§ Work order
Could you give back exactly the lines below from the one with "Fig. 07 - ENGINE" through the one with "ランタン CONYM 三脚付きランタン 4つ点灯モード/昼白色・白暖色・暖色", without a single picture?

[Records for the exercise — start]

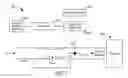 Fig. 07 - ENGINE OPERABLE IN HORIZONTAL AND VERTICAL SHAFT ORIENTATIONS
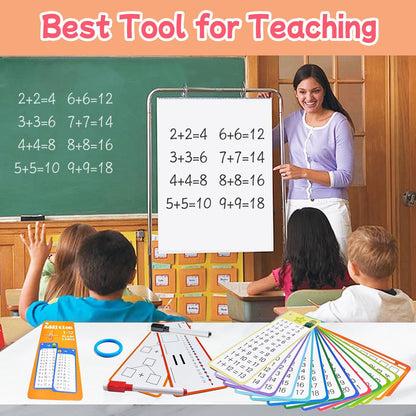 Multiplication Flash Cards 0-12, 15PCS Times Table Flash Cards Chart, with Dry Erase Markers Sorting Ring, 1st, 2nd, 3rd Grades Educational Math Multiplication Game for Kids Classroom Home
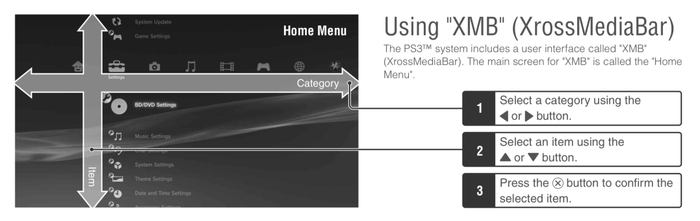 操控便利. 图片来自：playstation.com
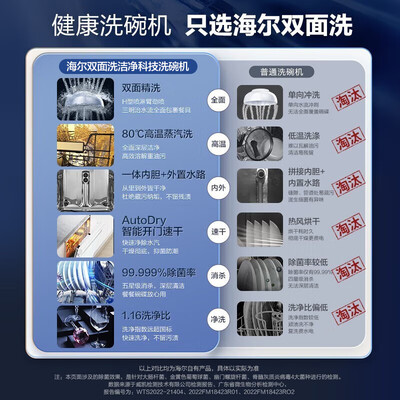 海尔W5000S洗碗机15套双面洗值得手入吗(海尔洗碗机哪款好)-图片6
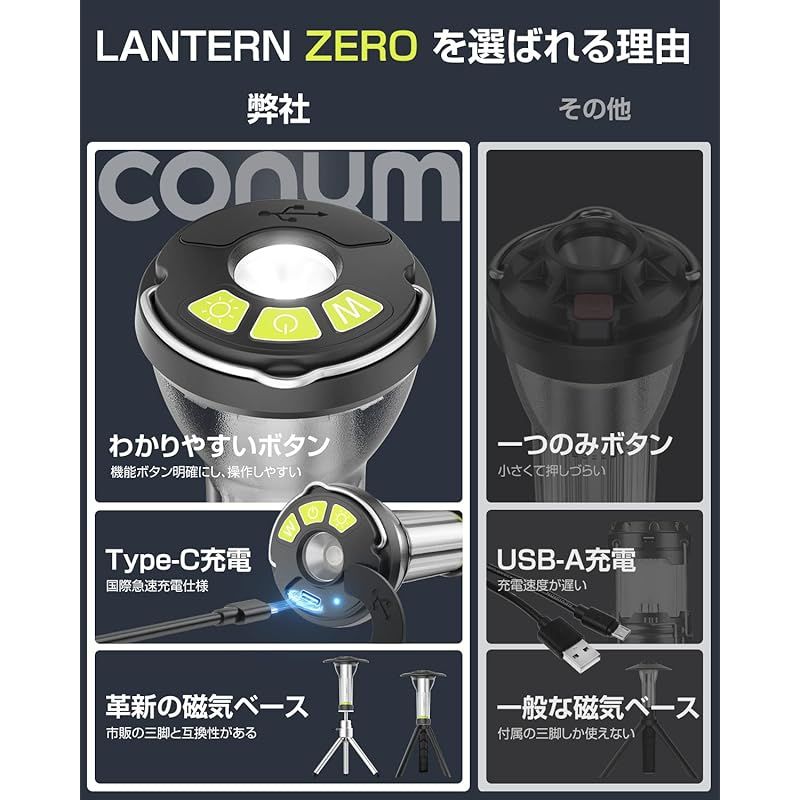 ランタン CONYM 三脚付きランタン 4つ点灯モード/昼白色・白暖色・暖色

[Records for the exercise — finish]
[Records for the exercise — start]

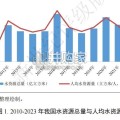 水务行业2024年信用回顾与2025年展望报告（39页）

[Records for the exercise — finish]

§ Reply
 Fig. 07 - ENGINE OPERABLE IN HORIZONTAL AND VERTICAL SHAFT ORIENTATIONS
 Multiplication Flash Cards 0-12, 15PCS Times Table Flash Cards Chart, with Dry Erase Markers Sorting Ring, 1st, 2nd, 3rd Grades Educational Math Multiplication Game for Kids Classroom Home
 操控便利. 图片来自：playstation.com
 海尔W5000S洗碗机15套双面洗值得手入吗(海尔洗碗机哪款好)-图片6
 ランタン CONYM 三脚付きランタン 4つ点灯モード/昼白色・白暖色・暖色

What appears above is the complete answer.